As far as I've learned when you define size of the bar for example 0.5, for each integer value you cluster all the points from the interval integer-0.5 and integer+0.5. So, for example if we draw bar around the integer 50 then it represents all the items from 49,8 + all the items from 50 + all the items in aggregate, that is 20+4+3=27 items in that subset. It doesn't necessarily have to be an integer value, but let's simplify it for this purposes!

Question: By taking a random observation from this distribution what is the probability that it will be in range >=50?

The way it's usually pictured is to sum all (elements contained in) bars in histogram from 50 till the end. If that is the case and thing I've previously described is true, then we should not inculde the subset from the 49,5 to get the right probability?

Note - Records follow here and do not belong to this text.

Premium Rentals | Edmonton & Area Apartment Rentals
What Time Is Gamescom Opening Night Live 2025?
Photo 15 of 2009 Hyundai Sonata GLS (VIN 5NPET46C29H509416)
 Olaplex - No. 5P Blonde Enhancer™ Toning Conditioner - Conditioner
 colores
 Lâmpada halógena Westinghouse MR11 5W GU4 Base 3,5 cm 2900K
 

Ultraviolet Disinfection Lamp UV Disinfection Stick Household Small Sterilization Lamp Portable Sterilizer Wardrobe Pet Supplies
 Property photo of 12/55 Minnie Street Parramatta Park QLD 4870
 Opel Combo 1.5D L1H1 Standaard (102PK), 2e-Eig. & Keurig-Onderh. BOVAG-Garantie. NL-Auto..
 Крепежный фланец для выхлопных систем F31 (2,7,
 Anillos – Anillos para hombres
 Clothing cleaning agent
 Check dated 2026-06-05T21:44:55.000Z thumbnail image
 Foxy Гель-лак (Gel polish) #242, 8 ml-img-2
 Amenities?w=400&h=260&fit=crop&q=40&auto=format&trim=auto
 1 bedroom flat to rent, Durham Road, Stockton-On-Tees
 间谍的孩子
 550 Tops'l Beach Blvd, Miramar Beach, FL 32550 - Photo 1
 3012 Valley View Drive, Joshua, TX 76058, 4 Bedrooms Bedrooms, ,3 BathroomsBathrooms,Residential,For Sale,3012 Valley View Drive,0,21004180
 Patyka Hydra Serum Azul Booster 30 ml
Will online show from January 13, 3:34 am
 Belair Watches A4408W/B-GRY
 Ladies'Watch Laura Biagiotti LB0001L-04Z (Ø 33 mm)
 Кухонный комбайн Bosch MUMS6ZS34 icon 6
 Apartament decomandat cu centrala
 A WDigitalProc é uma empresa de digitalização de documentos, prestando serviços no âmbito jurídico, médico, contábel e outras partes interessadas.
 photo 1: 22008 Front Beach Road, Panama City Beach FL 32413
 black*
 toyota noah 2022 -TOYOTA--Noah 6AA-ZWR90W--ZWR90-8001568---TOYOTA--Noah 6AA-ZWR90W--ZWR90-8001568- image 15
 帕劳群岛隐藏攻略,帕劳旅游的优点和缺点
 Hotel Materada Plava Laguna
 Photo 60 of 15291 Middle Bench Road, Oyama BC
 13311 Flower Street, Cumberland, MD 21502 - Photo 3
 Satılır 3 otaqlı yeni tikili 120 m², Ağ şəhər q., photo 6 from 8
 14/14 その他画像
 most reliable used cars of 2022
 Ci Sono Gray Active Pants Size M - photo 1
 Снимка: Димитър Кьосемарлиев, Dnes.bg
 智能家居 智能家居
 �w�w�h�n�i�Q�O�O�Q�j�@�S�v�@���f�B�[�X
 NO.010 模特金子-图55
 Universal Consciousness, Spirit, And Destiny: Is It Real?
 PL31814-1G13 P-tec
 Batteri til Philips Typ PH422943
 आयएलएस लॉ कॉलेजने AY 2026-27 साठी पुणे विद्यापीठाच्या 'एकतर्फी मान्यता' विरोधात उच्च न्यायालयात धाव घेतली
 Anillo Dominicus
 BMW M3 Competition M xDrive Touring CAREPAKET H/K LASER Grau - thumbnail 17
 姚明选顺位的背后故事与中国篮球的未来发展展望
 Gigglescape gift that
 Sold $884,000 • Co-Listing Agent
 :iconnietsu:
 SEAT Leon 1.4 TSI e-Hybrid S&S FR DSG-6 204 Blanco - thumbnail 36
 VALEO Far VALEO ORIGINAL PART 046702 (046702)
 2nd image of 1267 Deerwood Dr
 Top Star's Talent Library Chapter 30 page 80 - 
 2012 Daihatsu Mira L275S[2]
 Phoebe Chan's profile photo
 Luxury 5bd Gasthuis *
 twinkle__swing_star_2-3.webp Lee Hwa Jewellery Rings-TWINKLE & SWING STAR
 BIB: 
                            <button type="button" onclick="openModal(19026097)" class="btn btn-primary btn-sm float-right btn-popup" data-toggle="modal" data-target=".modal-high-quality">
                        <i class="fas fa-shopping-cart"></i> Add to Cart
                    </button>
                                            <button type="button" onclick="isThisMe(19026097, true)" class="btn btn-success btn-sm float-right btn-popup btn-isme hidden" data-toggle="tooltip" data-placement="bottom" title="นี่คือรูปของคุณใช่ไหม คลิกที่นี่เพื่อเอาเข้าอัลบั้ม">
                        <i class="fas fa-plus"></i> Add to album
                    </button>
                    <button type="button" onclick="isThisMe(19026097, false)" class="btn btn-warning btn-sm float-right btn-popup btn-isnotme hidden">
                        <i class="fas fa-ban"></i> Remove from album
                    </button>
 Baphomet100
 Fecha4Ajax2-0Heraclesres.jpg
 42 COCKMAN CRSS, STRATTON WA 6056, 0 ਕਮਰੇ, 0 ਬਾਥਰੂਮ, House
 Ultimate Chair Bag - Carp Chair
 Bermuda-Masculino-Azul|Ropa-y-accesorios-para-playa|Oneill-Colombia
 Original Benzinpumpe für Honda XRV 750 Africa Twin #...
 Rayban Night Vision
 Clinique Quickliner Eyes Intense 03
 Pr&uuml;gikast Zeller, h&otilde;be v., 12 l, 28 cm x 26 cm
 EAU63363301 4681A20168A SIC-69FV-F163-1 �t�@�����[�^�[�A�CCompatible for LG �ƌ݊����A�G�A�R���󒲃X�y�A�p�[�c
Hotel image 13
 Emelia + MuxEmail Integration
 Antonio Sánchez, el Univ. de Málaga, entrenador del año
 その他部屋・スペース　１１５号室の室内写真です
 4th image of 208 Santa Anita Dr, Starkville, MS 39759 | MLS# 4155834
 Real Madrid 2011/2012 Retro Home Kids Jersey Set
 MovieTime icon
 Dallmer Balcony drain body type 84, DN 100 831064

Maybe the error including that small subset is negligible if the size of the population is high, but still what if the size of the population is small?

Or, it is the other way around: To make a histogram, a size of a bar must be such that there is constant frequency around each number (so that you don't include anything around!).


1 Answer 1


Histograms are not really meant for such problems. They are nonparametric estimators for the probability density functions. For estimating probabilities, you would use empirical probability distribution function, i.e. just count the number of times $X \ge 50$, and divide by total size of your sample. By doing this you do not need to bother about bin size, because there is none. Using histograms in here would make the result depend on the bin size.

If the only thing that you are given is the histogram and you need to calculate the probability from it, then you can use a number of possible approaches, like rounding the values to the upper bounds of the bins, to the lower bounds, or using interpolation (linear, something smoother etc.), but in each case those are just workarounds that don't give you guarantees for correctness of the result, just a rough approximation. For example, this is that scipy.stats.rv_histogram class does:

class rv_histogram(rv_continuous):

    def __init__(self, histogram, *args, **kwargs):
        self._histogram = histogram
        self._hpdf = np.asarray(histogram[0])
        self._hbins = np.asarray(histogram[1])
        self._hbin_widths = self._hbins[1:] - self._hbins[:-1]
        self._hpdf = self._hpdf / float(np.sum(self._hpdf * self._hbin_widths))
        self._hcdf = np.cumsum(self._hpdf * self._hbin_widths)

    def _cdf(self, x):
        return np.interp(x, self._hbins, self._hcdf)

(The code was simplified by me. I omitted some of the details that are not important for this problem.)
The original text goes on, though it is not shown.